TUESDAY, Nov. 7 (HealthDay News) -- Children with higher IQs are less likely than other children to experience trauma, or to have long-term effects such as post-traumatic stress disorder after a traumatic incident, according to a report in the November issue of the Archives of General Psychiatry.
Naomi Breslau, Ph.D., and colleagues from Michigan State University in East Lansing, and colleagues randomly selected 823 children aged 6 years and followed them up to age 17 to examine the extent to which intelligence, anxiety disorders and conduct problems as a child influenced exposure to traumatic events and post-traumatic stress disorder (PTSD).
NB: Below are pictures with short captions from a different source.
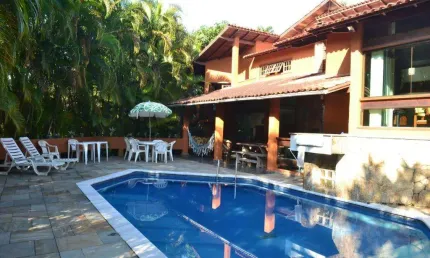 Casa com 5 dormitórios para alugar, 430 m² por R$ 4.400,00/dia - Riviera - Módulo 26 - Bertioga/SP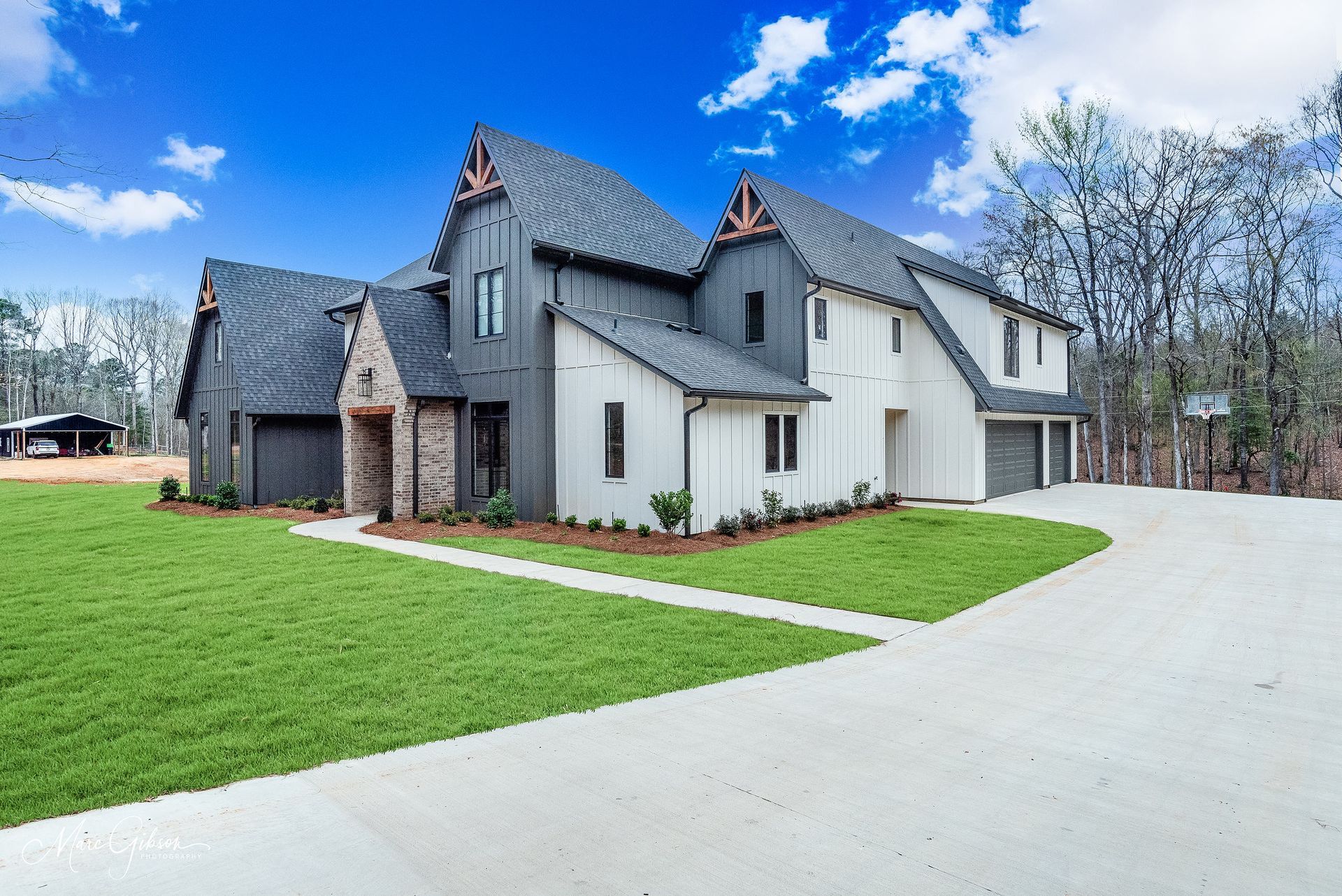 Modern two-story home with gray and white siding, dark roof, brick accents, and a large green lawn.
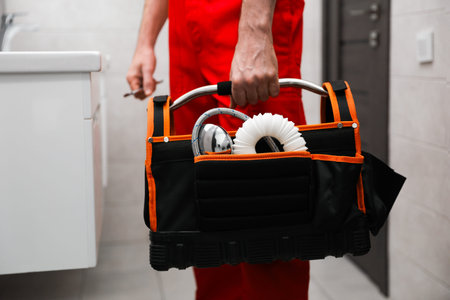 Plumber with black toolbox in restroom, closeupの写真素材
The investigators found that children aged 6 years with an IQ greater than 115 were at decreased risk of being exposed to traumatic events (odds ratio, 0.3), experiencing a non-assaultive trauma (OR, 0.6) and a decreased risk for PTSD (OR, 0.2).
The risk of exposure to assaultive violence and the conditional risk for PTSD was higher for children with anxiety disorders and a tendency to externalize problems beyond what is normal for a 6-year-old.
"The ways in which high IQ might protect from the PTSD effects of traumatic exposure are unclear," the authors conclude. "The findings underscore the importance of investigating cognitive processes in a person's responses to challenging and potentially traumatic experiences and the involvement of general intelligence in shaping them."